Le STIJ n’avait pas vocation à durer suite à la publication du décret du 9 octobre 2014. Celui-ci programmait en effet sa mise en bière au plus tard le 31 décembre 2015. Le relais devait alors être pris par la PNIJ, une super-plateforme concentrant l’ensemble des interceptions menées sur les correspondances électroniques et les données de connexion.

De multiples reports depuis 2015

Cependant, le gouvernement avait une première fois reporté cette abrogation au 31 décembre 2016. Plusieurs problèmes avaient été épinglés : incapacité de procéder à la géolocalisation en temps réel, pas de fonction de reconnaissance vocale du locuteur, etc. Ennuyeux pour un système censé être à jour des évolutions technologiques. 

Cette première bulle d’air n’avait cependant pas été suffisante. Le 27 décembre 2016, nouveau report cette fois au 31 décembre 2017. La CNIL l’avait expliqué par des « dysfonctionnements » persistants, outre que le « déploiement des interceptions a posé des difficultés techniques, notamment en raison du nombre très important d'interceptions effectuées de manière simultanée ».

Ce matin, soit un peu plus d’un an plus tard, rebelote. Ce délai est finalement repoussé « au 31 mai 2018 », suite à ce décret publié au Journal officiel. Une décision qui devrait nourrir les critiques adressées régulièrement par le Syndicat des cadres de la sécurité intérieure (SCSI-CFDT).

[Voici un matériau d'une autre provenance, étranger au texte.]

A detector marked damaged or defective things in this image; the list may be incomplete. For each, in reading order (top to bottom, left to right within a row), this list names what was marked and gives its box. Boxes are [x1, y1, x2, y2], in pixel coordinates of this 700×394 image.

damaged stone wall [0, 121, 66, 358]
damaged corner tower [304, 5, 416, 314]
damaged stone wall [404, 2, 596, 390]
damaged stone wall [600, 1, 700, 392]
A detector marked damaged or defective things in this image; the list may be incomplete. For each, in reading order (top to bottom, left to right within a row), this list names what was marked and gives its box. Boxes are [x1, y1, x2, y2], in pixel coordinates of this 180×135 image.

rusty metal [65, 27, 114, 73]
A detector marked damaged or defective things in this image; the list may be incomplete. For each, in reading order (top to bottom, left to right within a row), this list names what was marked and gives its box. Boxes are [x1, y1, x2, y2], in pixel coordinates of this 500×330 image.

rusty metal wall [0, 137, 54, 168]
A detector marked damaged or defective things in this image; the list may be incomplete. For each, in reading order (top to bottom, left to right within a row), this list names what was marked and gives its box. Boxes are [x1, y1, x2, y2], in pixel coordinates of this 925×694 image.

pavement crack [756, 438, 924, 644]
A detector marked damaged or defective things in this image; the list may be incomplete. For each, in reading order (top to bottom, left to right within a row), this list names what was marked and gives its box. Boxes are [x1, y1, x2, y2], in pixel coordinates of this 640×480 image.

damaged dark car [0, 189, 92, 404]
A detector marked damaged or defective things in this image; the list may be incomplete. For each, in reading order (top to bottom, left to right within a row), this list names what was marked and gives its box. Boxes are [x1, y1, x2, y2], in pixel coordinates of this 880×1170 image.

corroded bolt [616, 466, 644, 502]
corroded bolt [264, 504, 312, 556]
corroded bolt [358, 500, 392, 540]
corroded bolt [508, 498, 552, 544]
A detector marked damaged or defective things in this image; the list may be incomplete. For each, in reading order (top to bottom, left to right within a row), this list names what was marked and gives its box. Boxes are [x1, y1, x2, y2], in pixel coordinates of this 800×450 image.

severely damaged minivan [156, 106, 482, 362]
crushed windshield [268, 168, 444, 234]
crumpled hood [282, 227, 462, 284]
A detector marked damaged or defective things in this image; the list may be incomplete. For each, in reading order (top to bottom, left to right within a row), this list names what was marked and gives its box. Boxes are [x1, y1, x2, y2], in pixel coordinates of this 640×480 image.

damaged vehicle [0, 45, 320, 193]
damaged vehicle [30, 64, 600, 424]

Quelles sont maintenant les explications ? Si la PNIJ est censée aujourd’hui traiter l’ensemble des interceptions judiciaires, des difficultés persistent « sur l'adaptation des équipements de certains réseaux, induisant l'allongement des délais de réalisation de certaines fonctionnalités, telles que l'attribution à chaque réquisition d'un identifiant unique, utilisé par les opérateurs pour implémenter les prestations correspondantes ».

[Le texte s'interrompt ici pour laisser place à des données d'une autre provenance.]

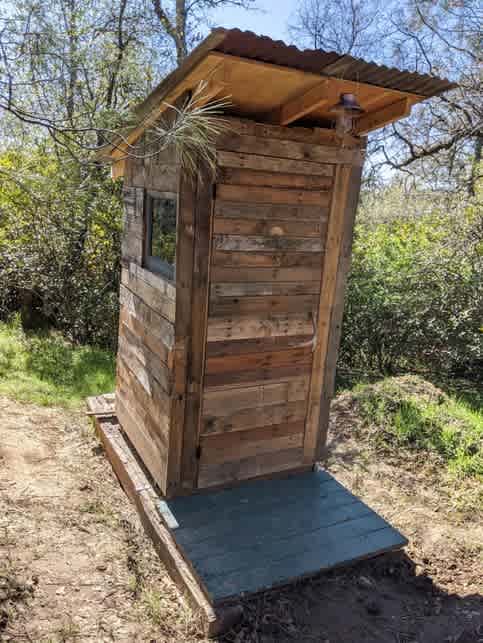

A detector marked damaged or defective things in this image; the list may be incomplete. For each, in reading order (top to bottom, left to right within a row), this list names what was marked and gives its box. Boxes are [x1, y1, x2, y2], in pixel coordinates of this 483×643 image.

rusty metal roofing panel [213, 28, 458, 97]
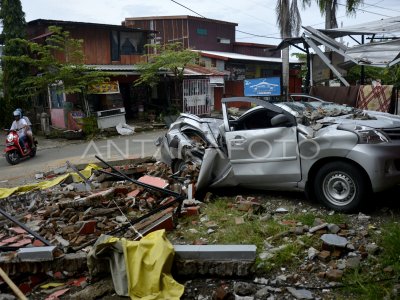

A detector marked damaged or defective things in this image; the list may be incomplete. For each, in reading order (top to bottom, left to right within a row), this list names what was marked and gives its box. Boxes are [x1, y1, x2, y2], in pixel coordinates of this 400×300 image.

overturned vehicle [155, 96, 400, 211]
crushed silver car [157, 95, 400, 211]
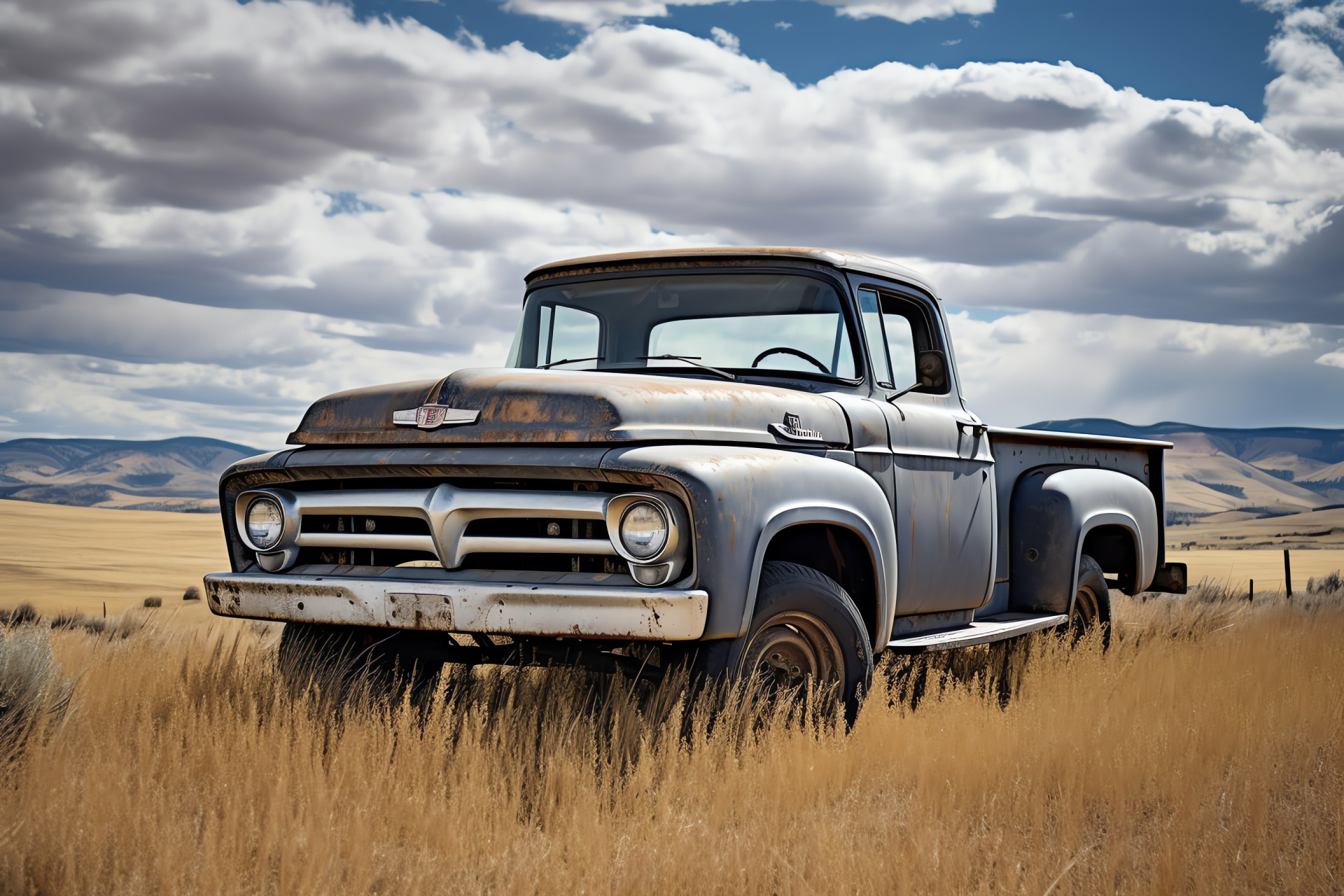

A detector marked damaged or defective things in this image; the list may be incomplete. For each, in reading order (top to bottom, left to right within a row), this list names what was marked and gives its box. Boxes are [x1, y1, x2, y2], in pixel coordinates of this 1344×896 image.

rusty hood [286, 368, 849, 448]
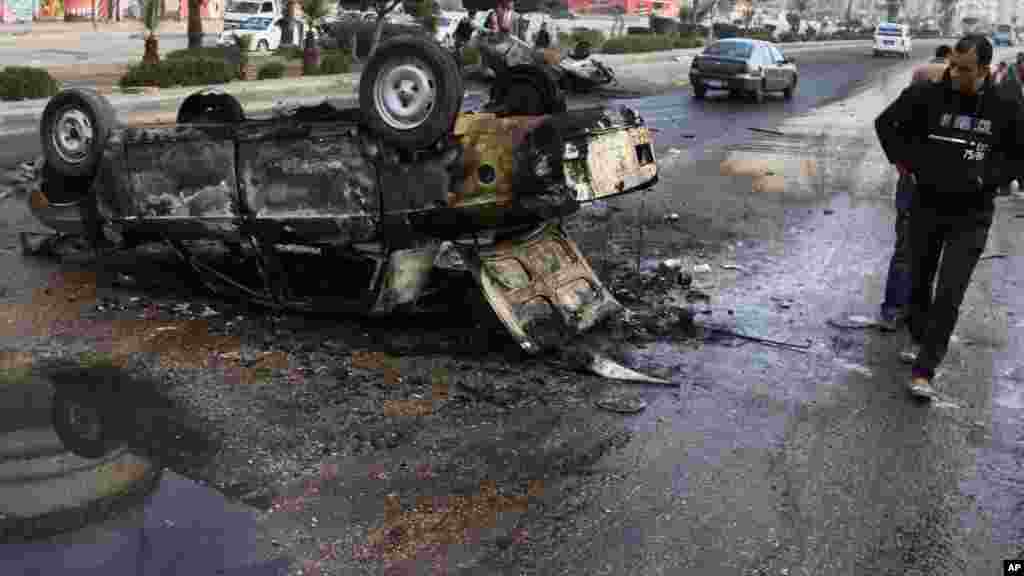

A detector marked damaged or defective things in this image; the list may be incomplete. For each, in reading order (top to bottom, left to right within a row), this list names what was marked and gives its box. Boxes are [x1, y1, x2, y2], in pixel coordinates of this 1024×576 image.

burned car door [110, 123, 243, 237]
burnt metal panel [117, 123, 240, 219]
burnt metal panel [237, 120, 378, 243]
overturned burned car [32, 32, 659, 354]
second burned vehicle [29, 34, 663, 354]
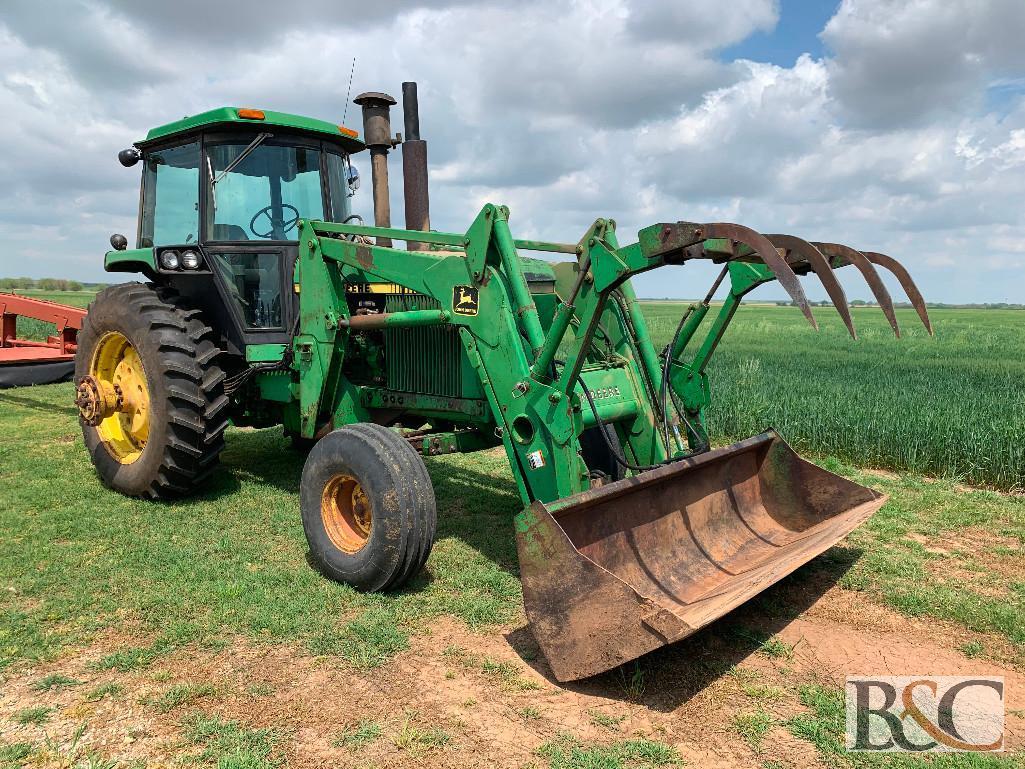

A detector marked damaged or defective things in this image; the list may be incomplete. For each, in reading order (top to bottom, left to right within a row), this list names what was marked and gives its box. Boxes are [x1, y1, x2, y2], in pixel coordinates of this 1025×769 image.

rusty exhaust pipe [354, 90, 397, 248]
rusty exhaust pipe [397, 83, 430, 254]
rusty loader bucket [516, 430, 885, 684]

« Un délai supplémentaire est nécessaire, relate encore la CNIL, afin de mettre en service le reliquat des fonctionnalités associées aux interceptions fixes et d'assurer la continuité de la capacité d'interception de certains opérateurs d'outre-mer ».

Un bug dans le calendrier 

On apprend au passage dans cette délibération que d’autres chantiers techniques sont dans la boucle comme « la possibilité pour les enquêteurs de renvoyer les communications téléphoniques interceptées par la PNIJ directement sur leurs téléphones mobiles ». La CNIL rappelle que ces modalités devront faire l’objet d’une saisine préalable de l’autorité.

Toutefois, comme le souligne Me Alexandre Archambault, des questions vont nécessairement se poser sur la validité des informations obtenues entre le 1er janvier 2018 (date de la mort du STIJ), et ce matin (le STIJ finalement ressuscité jusqu’au 31 mai). Un « joli point de procédure pour les confrères pénalistes ».